JUNK FOOD OF THE WEEK: Hero lemon soda (available at the Hillcrest deli-mart on Cap. Hill) is a tasty tarty carbonated substance with a friendly yellow color and a cute, space-saving eight-and-a-half-ounce can. Even better, it comes from that new global junk-food mecca, Breda, Holland (hometown of that ultimate postmodern cultural icon Mentos, The Freshmaker!). Speaking of PoMo icons…

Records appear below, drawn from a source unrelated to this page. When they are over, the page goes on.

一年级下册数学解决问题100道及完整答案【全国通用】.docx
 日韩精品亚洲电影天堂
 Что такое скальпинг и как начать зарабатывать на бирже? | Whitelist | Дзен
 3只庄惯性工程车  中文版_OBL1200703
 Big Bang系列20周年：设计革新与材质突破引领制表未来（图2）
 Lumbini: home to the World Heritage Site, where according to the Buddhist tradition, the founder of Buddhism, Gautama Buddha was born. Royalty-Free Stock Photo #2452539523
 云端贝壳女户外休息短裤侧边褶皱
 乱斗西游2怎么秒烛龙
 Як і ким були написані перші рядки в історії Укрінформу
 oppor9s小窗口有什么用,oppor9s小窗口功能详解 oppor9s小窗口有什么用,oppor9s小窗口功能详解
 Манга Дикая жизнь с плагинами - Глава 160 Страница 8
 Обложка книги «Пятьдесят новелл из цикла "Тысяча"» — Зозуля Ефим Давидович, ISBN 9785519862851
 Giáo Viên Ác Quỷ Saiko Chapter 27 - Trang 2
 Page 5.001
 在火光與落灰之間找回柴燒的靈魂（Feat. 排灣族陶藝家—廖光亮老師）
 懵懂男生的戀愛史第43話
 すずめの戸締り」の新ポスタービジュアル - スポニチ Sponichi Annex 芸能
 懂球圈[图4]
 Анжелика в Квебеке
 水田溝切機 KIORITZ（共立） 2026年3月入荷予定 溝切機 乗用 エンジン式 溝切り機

LOCAL PUBLICATION OF THE WEEK: If you enjoy Steve Shaviro’s occasional appearances in these pages, you’ll enjoy Doom Patrols, his collection of essays (he calls them “theoretical fictions” for no readily apparent reason) on PoMo heroes and heroines ranging from Kathy Acker to Bill Gates and, yes, ex-Doom Patrol comic book writer Grant Morrison. It’s even got the Dean Martin essay he first published here. Doom Patrols isn’t yet available on paper, but the entire text can be downloaded from the Web at <<http://dhalgren.english.washington.edu/~steve/doom.html>>. Speaking of the Web…

UPDATE: I’m still looking for a term for Internet/World Wide Web use that isn’t “surfing.” Suggestions so far include “trolling” (found out it has a Net meaning already, a derogatory one), “waltzing,” “meandering,” “strolling,” “courting” (my favorite so far) and even “geoducking” (please!). Got anything better? Lemme know.